The new condensate pipeline and gathering system, as well as the natural gas compression and condensate stabilization facilities, including the two stabilization facilities announced recently for Antero Resources, represent a major expansion of EnLink Midstream’s assets in the Utica Shale. Following completion of these projects, the Partnership will own and operate over 250 miles of pipeline, 11 natural gas compression and condensate stabilization facilities with a total capacity of approximately 1.2 billion cubic feet per day and 60,000 bpd, respectively, a fleet of over 110 trucks, and eight brine disposal wells.
A detailed map of the expansion project can be found on EnLink Midstream’s website at www.enlink.com.

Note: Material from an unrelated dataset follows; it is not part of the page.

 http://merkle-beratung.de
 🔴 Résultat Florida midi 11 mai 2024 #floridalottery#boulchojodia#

About the EnLink Midstream Companies
EnLink Midstream is a leading midstream provider formed through the combination of Crosstex Energy and substantially all of the U.S. midstream assets of Devon Energy. EnLink Midstream is publicly traded through two entities: EnLink Midstream, LLC (NYSE: ENLC), the publicly traded general partner entity, and EnLink Midstream Partners, LP (NYSE: ENLK), the master limited partnership.
EnLink Midstream’s assets are located in many of North America’s premier oil and gas regions, including the Barnett Shale, Permian Basin, Cana-Woodford Shale, Arkoma-Woodford Shale, Eagle Ford Shale, Haynesville Shale, Gulf Coast region, Utica Shale and Marcellus Shale. Based in Dallas, Texas, EnLink Midstream’s assets include approximately 7,300 miles of gathering and transportation pipelines, 12 processing plants with 3.3 billion cubic feet per day of net processing capacity, six fractionators with 180,000 barrels per day of net fractionation capacity, as well as barge and rail terminals, product storage facilities, brine disposal wells, an extensive crude oil trucking fleet and equity investments in certain private midstream companies.

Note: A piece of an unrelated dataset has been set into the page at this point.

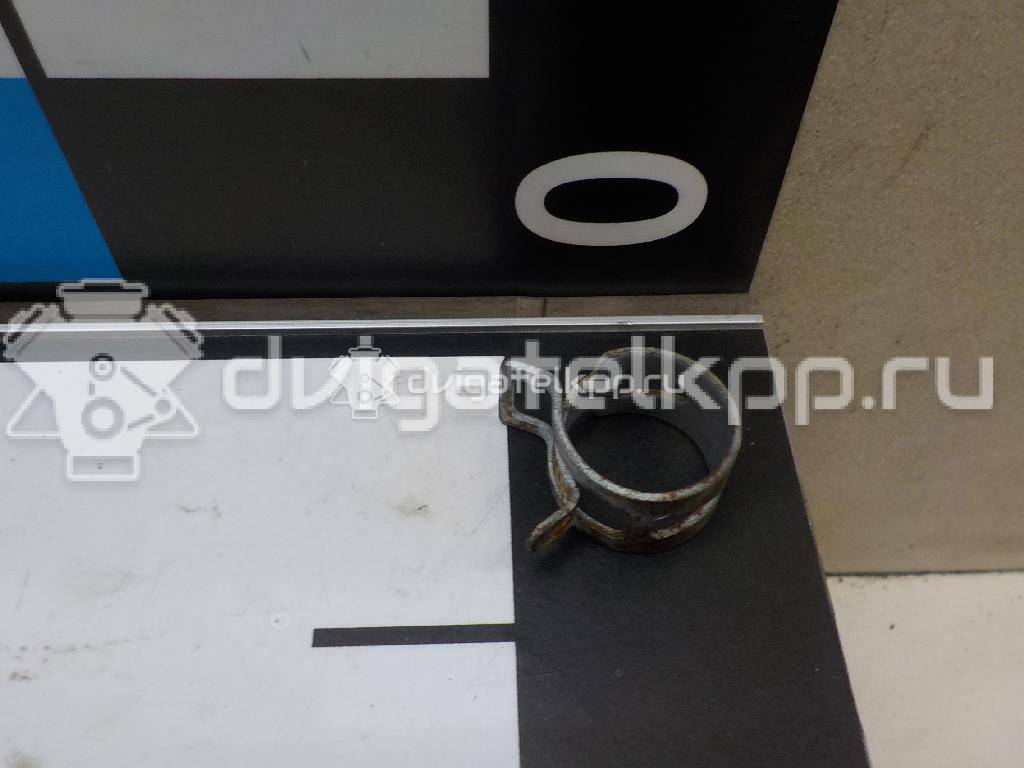 Фото Хомут металлический  0940121405 для suzuki SX4 {forloop.counter}}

Additional information about the EnLink companies can be found at www.enlink.com.
This press release contains forward-looking statements within the meaning of the federal securities laws. These statements are based on certain assumptions made by the Partnership and the General Partner based upon management's experience and perception of historical trends, current conditions, expected future developments and other factors the Partnership and the General Partner believe are appropriate in the circumstances. These statements include, but are not limited to, statements with respect to forecasts regarding capacity, pipeline diameter, incremental investment, project costs and timing for completing the projects described herein, as well as the Partnership's and the General Partner’s future growth and results of operations. Such statements are subject to a number of assumptions, risks and uncertainties, many of which are beyond the control of the Partnership and the General Partner, which may cause the Partnership's and the General Partner’s actual results to differ materially from those implied or expressed by the forward-looking statements. These risks include, but are not limited to, risks discussed in the Partnership's and the General Partner’s filings with the Securities and Exchange Commission. The Partnership and the General Partner have no obligation to publicly update or revise any forward-looking statement, whether as a result of new information, future events or otherwise.